IDB wants smaller internet access project for Guyana
Jagdeo says lending policies have to change


Stabroek News
April 27, 2001


The Inter-American Development Bank (IDB) is to look again at Guyana's request for funding a US$50 million project for the development of information technology and to provide access to the Internet across the country.

The IDB, according to President Bharrat Jagdeo, had proposed that a smaller project be pursued and was willing to provide a greater sum for the construction of a number of roads, on which he believed that the long-term return would be ten times less than on the Internet project.

President Jagdeo told reporters yesterday at the Office of the President that he had raised the issue at the just concluded Summit of the Americas to illustrate the need for regional institutions to be more responsive to the needs of the smaller countries if they were to be able to be part of the information age. "They have to change their lending policies", President Jagdeo observed.

The project he had proposed, President Jagdeo said, would have established 100 Internet centres around the country, provided access for some 50,000 families to the Internet and a computer for every school. "I think that would have had a transforming effect not just in integrating us greater with the world and creating greater opportunities but also in the development of people."

But President Jagdeo said that the IDB, in its wisdom, wanted a much smaller project and to lend a larger sum for building roads. "If I put the money in roads or the same amount in information technology the return on information technology in developing people's capacity would be ten times greater than on the investment in roads."

He disclosed that the IDB president Enrique Iglesias had been very unhappy about the matter and was prepared to review the issue when he visited Washington DC next month to speak to the multilateral financial institutions.

President Jagdeo said that an area discussed at the summit, in the context of connecting the Americas, was the need for the creation of an enabling environment.

"It is not just putting the computers down.
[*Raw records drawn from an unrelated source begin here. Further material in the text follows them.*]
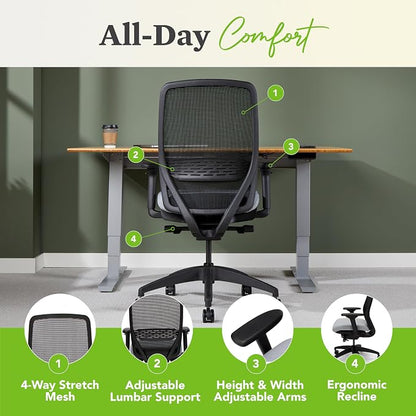 HON Nucleus Office Chair Ergonomic Desk Chair Suspended Seat Mesh Back for Home Office, Task Work - Synchro-Tilt Recline, Swivel Wheels, Adjustable Lumbar Support & Armrests, White Frame, Fawn
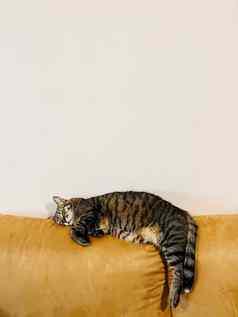 虎斑猫睡觉回来黄色的沙发房间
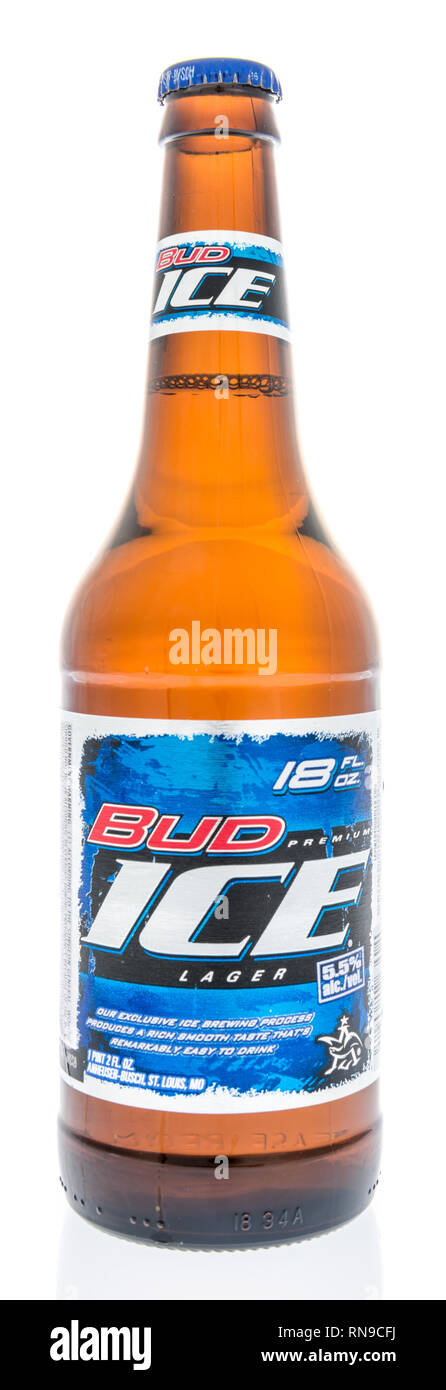 Winneconne, WI - 15. Februar 2019: eine Flasche Bud Ice Bier auf einem isolierten Hintergrund Stockfoto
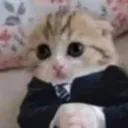 a594613f0b3b8fc712688559c4b4ec0e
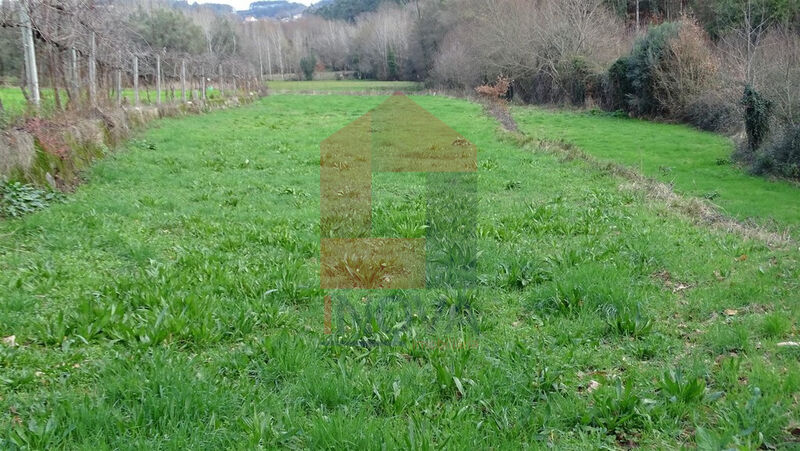 Terreno Agrícola com 1950m2 Godinhaços Vila Verde - bons acessos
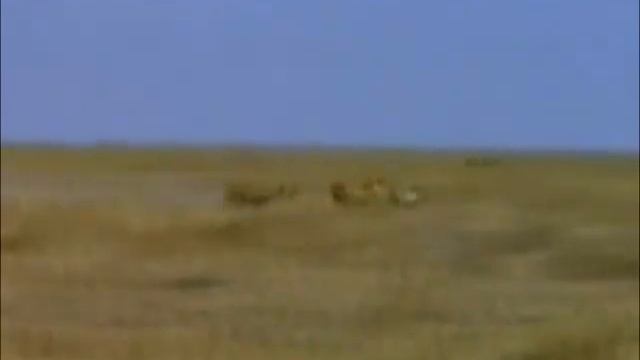 predator and prey project by raneim gadala . смотреть онлайн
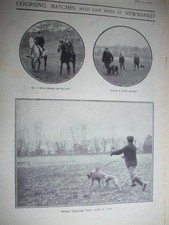 1901 COURSING Greyhound racing Waterloo Cup ::: magazine photos 4O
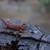 Red Monster Bearded Dragon 7 thumbnail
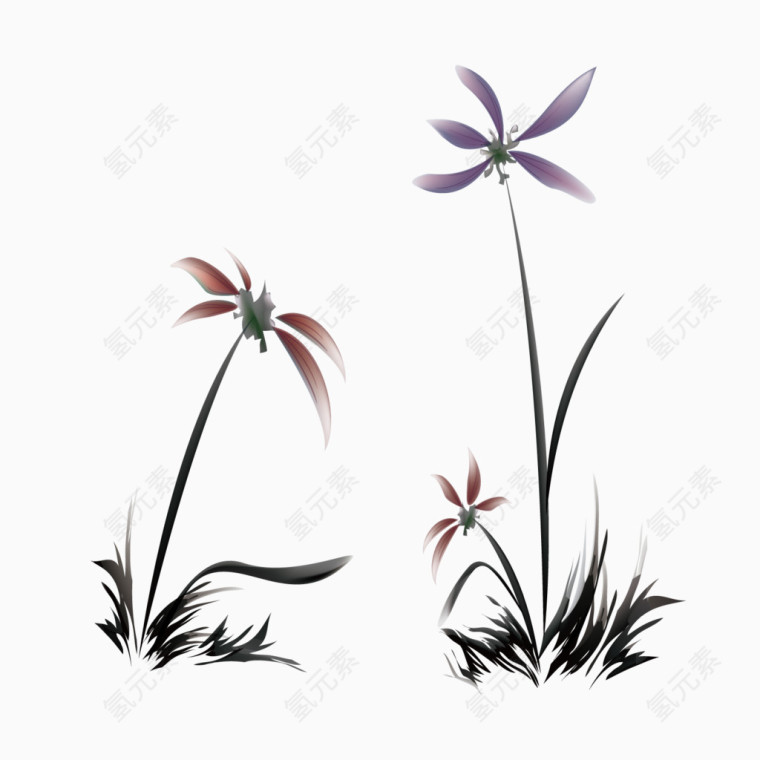 姐妹花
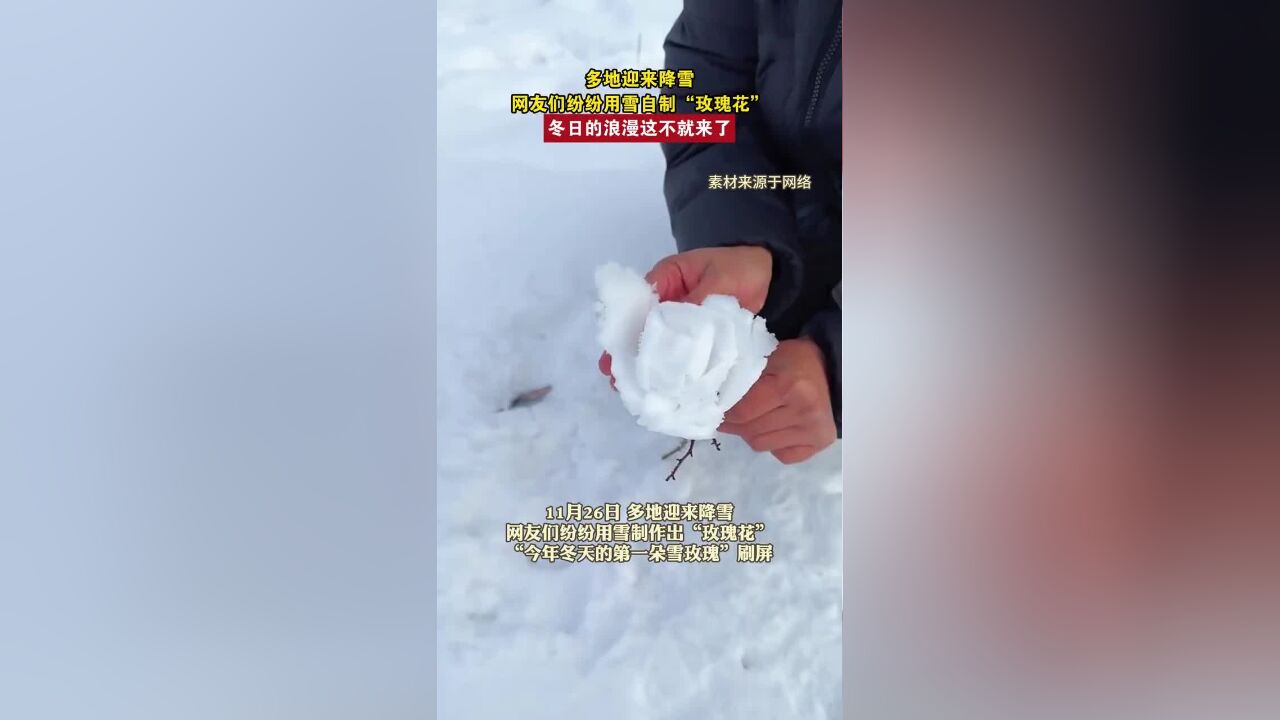 多地迎来降雪,网友们纷纷用雪自制“玫瑰花”,冬日的浪漫这不就来了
It is creating the right policies to develop connectivity and it is also important that we have access to telephone lines [which] is very important for our people to integrate with the rest of the world."

The President observed that since there was this strong emphasis on interlinking he hoped that "a policy conducive to the development of connectivity in the Americas would be developed in relation to the continuation of monopolies in the telecommunications sector in some countries.

"There must be a liberalisation; there must be competition so that more people could have access to phones at a cheaper rate," President Jagdeo emphasised.